“Your parents?”
I laugh. “Why don’t you go back to your parents?”
“I can’t live with my parents, Skylar. I’m a thirty-five-year-old dad. Zoey needs consistency and familiarity right now, and this house is it. Her bedroom upstairs is it. Micha was going to sell me the house because he doesn’t need it or want something so big when he’s here a couple of months out of the year.”
I frown. Micha never offered to sell me the house. I would have bought it from him.
“I can’t live with my parents either,” I tell him flatly.
But I also don’t want to live with him. Zoey is cool, and I like her, but her father is a dick. A gorgeous dick but still a dick nonetheless. Maybe it’s better this way. Maybe it’s time I go out and find my own place and make it all mine and start living my best girl life.
“I need two months to find something else. It’s not up for negotiation. If you don’t like it, feel free to leave.”
I hop off the counter and head toward the family room to get my candy and shut off my movie. I’m going to shower and get the hell out of here for a while. Go clear my head and do some deep thinking.
I spin back around. “And Aston? Your daughter, I like. But not you. Stay the hell away from me. I only make mistakes once. Never twice.”
5
ASTON
The predawn air is heavy and frozen, my breath pluming out in thick white clouds of vapor. It has me shoving my hands deeper into my pockets and missing the warmth of LA. Nine years there have thinned my blood. But as I navigate the quiet streets, I can’t stop wondering if uprooting our lives was the right call after all.
Mom: Zoey wants to say good morning. Do you have a minute?
I smile, typing back quickly.
Me: Absolutely.
I check the time and see that I’ve got thirty minutes before I need to meet with my new boss. The thought of Zoey in her new bedroom, surrounded by half-unpacked boxes, makes my chest tighten. She’d been brave about the move. Braver than I was, but I caught her yesterday staring at a picture of her old preschool class with a trembling lower lip.
“It’s just us, Zo-Zo,” I told her, smoothing her blonde curlsaway from her forehead. “Team Hughes against the world, remember? Boston will be fun. An adventure. And we have Grandma and Grandpa and Uncle Alden here.”

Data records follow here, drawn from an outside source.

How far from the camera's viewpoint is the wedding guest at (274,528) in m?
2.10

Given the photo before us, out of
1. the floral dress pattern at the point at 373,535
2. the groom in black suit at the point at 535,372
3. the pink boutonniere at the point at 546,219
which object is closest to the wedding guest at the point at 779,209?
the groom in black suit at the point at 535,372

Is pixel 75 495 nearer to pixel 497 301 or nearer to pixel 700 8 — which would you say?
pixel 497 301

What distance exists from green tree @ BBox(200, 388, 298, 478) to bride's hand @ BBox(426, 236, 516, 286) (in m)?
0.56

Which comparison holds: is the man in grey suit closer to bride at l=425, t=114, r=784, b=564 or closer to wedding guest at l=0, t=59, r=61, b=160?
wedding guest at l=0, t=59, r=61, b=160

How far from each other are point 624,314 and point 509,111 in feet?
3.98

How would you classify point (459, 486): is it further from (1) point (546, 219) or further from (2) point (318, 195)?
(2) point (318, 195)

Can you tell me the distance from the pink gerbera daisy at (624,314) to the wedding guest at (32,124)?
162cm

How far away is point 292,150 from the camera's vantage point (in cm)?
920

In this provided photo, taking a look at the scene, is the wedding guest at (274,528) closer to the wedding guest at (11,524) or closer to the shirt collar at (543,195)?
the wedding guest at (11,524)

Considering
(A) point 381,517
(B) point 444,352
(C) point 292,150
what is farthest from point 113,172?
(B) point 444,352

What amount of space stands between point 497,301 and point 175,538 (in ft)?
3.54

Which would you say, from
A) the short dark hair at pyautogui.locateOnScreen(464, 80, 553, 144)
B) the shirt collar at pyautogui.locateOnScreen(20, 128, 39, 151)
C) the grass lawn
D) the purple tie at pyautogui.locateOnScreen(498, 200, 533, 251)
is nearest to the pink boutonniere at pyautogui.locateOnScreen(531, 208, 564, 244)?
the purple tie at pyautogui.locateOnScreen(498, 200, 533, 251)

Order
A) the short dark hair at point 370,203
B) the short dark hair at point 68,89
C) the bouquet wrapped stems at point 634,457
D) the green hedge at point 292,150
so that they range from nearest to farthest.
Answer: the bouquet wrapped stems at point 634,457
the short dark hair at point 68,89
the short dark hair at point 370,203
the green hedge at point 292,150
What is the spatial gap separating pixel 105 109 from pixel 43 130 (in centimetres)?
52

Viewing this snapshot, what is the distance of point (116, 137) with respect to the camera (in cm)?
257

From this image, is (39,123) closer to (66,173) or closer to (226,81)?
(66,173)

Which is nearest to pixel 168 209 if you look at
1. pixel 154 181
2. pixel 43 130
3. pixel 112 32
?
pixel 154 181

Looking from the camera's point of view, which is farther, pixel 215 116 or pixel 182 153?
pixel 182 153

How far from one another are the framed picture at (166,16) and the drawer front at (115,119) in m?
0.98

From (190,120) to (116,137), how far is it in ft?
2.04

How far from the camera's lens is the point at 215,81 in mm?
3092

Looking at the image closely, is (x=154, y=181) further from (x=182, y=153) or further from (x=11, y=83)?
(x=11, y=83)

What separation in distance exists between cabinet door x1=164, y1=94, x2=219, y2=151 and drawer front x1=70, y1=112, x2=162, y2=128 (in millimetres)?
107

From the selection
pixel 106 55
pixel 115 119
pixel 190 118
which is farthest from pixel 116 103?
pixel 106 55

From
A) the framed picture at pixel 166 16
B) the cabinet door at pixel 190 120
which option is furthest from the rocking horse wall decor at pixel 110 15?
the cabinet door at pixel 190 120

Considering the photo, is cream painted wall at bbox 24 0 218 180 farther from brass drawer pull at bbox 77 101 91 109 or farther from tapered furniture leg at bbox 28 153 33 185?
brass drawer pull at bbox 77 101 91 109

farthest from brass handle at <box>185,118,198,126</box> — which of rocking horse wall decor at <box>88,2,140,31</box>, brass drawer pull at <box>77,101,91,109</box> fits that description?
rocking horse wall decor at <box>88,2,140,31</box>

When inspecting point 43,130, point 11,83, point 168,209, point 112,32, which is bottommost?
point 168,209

She’d nodded solemnly, her eyes looking far too wise for a five-year-old. I suppose that happens when you lose one parent at the age of four and a half years old. I tried to keep us in California, but it got to be too hard to do by myself, and Zoey deserves better than that. Better than all the bad memories that plagued us both.
I want her to have a family. I want her to have light. Not simply a dad who works too many hours and most days still feels like he’s learning how to be a dad.

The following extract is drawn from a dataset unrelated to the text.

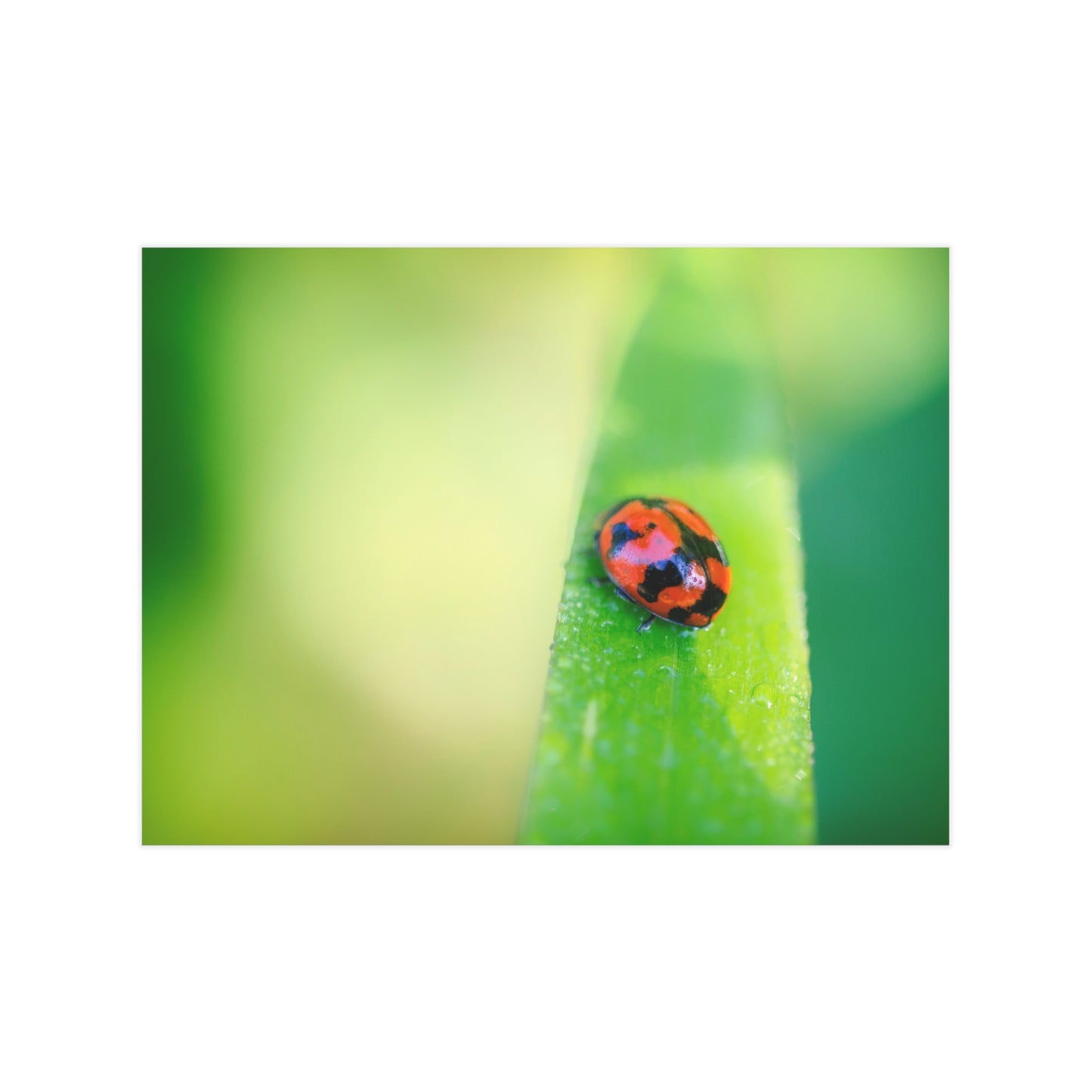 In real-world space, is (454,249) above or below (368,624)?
above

My phone rings in my hand. “Morning, Zo.”
“Morning.” She yawns loudly.
“What are you doing up so early?”
“I wanted to see you before you left.”
Guilt slams me in the chest like a two-by-four. “I’m sorry, sweetie. I didn’t want to wake you that early. I’ll be home in time to take you to the preschool meet and greet later.”
“Okay.” A pause. “Do you think the other kids are nice?”
“I’m sure they are. You’ll make tons of friends.” I hope. I seriously fucking hope. “You’ll love it as much as you did your last one. Even more so when you start kindergarten this fall. It’ll be so much fun.”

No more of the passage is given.